- Assignment -
The whole of the data, every line, should come back exactly the same.

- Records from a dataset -

►

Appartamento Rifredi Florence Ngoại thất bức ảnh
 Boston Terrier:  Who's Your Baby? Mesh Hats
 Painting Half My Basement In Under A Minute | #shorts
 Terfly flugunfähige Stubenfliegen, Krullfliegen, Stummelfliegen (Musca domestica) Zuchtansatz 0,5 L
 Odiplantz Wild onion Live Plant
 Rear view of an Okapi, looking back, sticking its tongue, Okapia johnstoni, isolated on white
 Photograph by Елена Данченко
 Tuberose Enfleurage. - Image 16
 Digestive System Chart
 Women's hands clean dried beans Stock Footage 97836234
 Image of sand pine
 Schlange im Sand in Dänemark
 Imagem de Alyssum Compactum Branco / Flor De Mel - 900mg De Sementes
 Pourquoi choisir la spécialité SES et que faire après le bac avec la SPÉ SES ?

◄

- Solution to the exercise -
Appartamento Rifredi Florence Ngoại thất bức ảnh
 Boston Terrier:  Who's Your Baby? Mesh Hats
 Painting Half My Basement In Under A Minute | #shorts
 Terfly flugunfähige Stubenfliegen, Krullfliegen, Stummelfliegen (Musca domestica) Zuchtansatz 0,5 L
 Odiplantz Wild onion Live Plant
 Rear view of an Okapi, looking back, sticking its tongue, Okapia johnstoni, isolated on white
 Photograph by Елена Данченко
 Tuberose Enfleurage. - Image 16
 Digestive System Chart
 Women's hands clean dried beans Stock Footage 97836234
 Image of sand pine
 Schlange im Sand in Dänemark
 Imagem de Alyssum Compactum Branco / Flor De Mel - 900mg De Sementes
 Pourquoi choisir la spécialité SES et que faire après le bac avec la SPÉ SES ?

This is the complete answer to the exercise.